Ohtani’s start was historic, as he became the first starting pitcher to bat in one of the top four sports in the order in a game at Fenway since Ruth did so in 1919.
“It’s one of my favorite ballparks,” Ohtani said through translator Ippei Mizuhara. “I was looking forward to pitching here. It left a really good impression on me.”
He left an even stronger impression.
Ohtani met and even exceeded the hype. The same player who hit 46 homers as the American League MVP a season ago, Ohtani delivered one of the best visiting pitching performances at Fenway in recent memory. He struck out 11 and generated an insane 29 swings and misses, throwing 81 strikes in 99 pitches.
He became the fourth visiting pitcher in Fenway Park history to throw seven shutout innings, strike out at least 10 batters and issue no walks.
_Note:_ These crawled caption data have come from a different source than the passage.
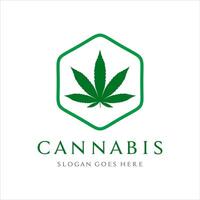 cannabis folha com hexágono forma logotipo Projeto modelo vetor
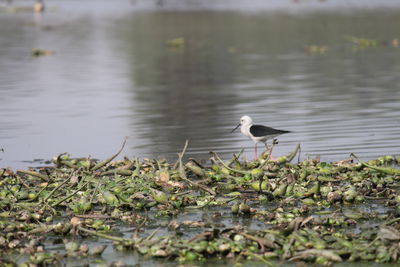 Birds in calm water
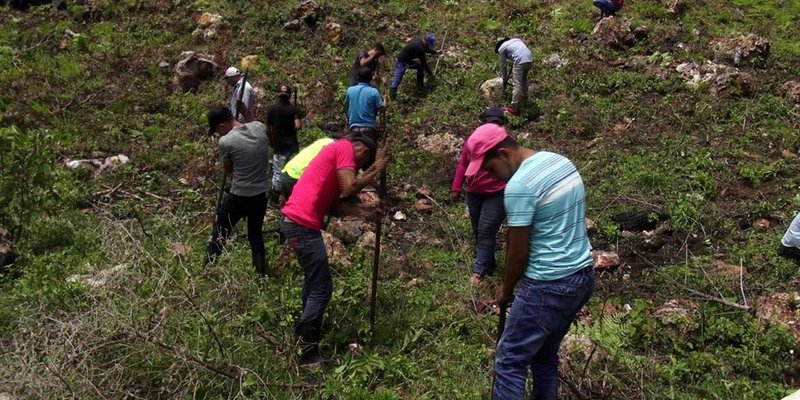 TECNacional - Jornada de Reforestación en la Reserva Natural Tomabú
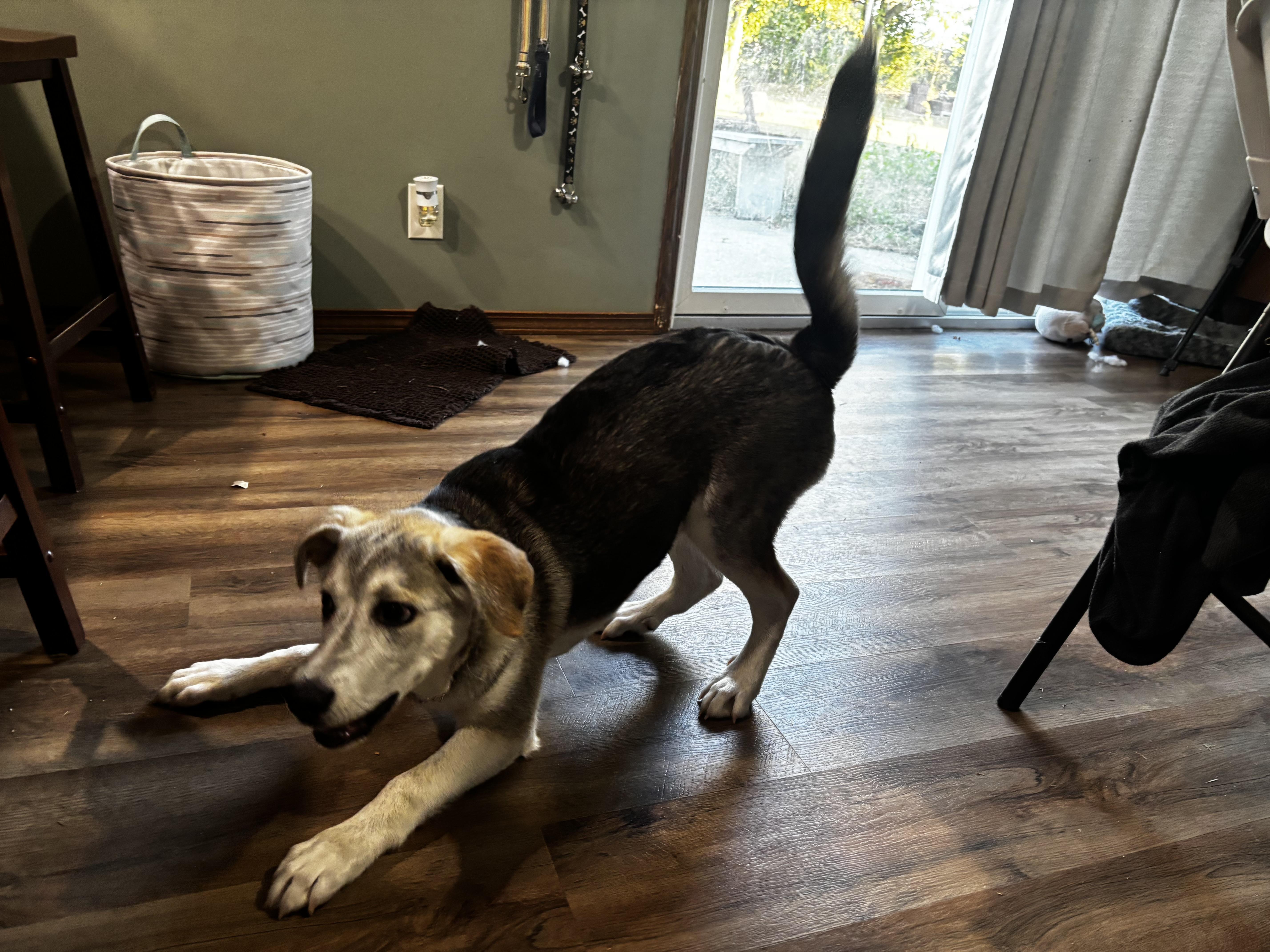 Enlarge Rocky, a Adoptable mixed breed in Paoli, IN image 5/5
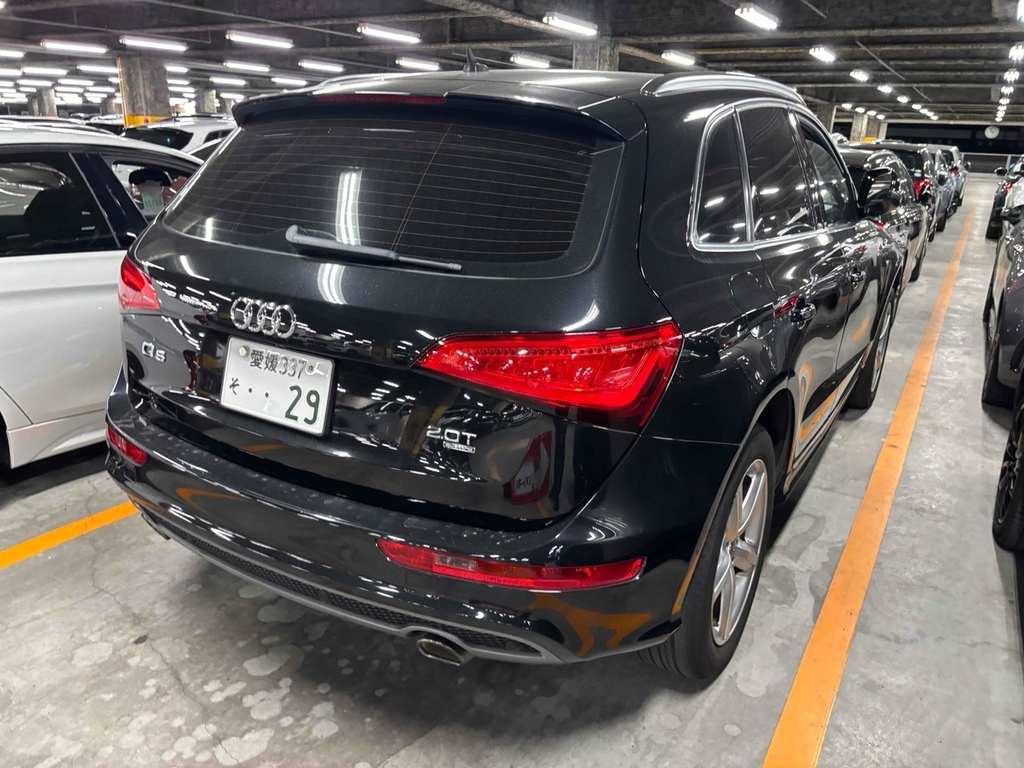 Audi Q5 Tfsi Quattro S Line Competition Plus #6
“He’s the best player in the league,” opposing Red Sox starter Rich Hill said. “I think that’s one thing everybody can pretty much unanimously agree upon. It’s pretty special to see somebody like that come along. I think everybody should be really appreciating what we’re seeing because it’s something we haven’t seen in 100 years and we may never see it again for another 100 years.”
BOSTON MA – May 5: Rafael Devers #11 of the Boston Red Sox strikes out during the fifth inning of the MLB game against the Los Angeles Angels at Fenway Park on May 5, 2022 in Boston, Massachusetts. (Staff Photo By Matt Stone/MediaNews Group/Boston Herald)
The Red Sox lineup didn’t stand much of a chance against Ohtani’s combination of fastballs, sliders and splitters throughout a hopeless afternoon. Trevor Story struck out four times, including Ohtani’s last when he overpowered him with a 98 mph fastball to end the seventh inning, which resulted in a chorus of boos from the Fenway faithful.
The Red Sox had a couple of opportunities — Jackie Bradley Jr. led off the fifth with a double, and J.D. Martinez hit a one-out double in the sixth — but they couldn’t break through.
“It’s tough because I feel like all of his pitches were unpredictable,” Martinez said. “Some of his fastballs were two-seaming, other ones were cutting. Some sliders were backing up, others were sweeping across the whole plate. He threw me a splitter — he’d thrown me a splitter a couple of times before and it was more down. He threw me one that went this way, even crossed up (catcher Max) Stassi on it. He’s just tough, man. He’s got a lot of plus pitches and he throws everything super hard. …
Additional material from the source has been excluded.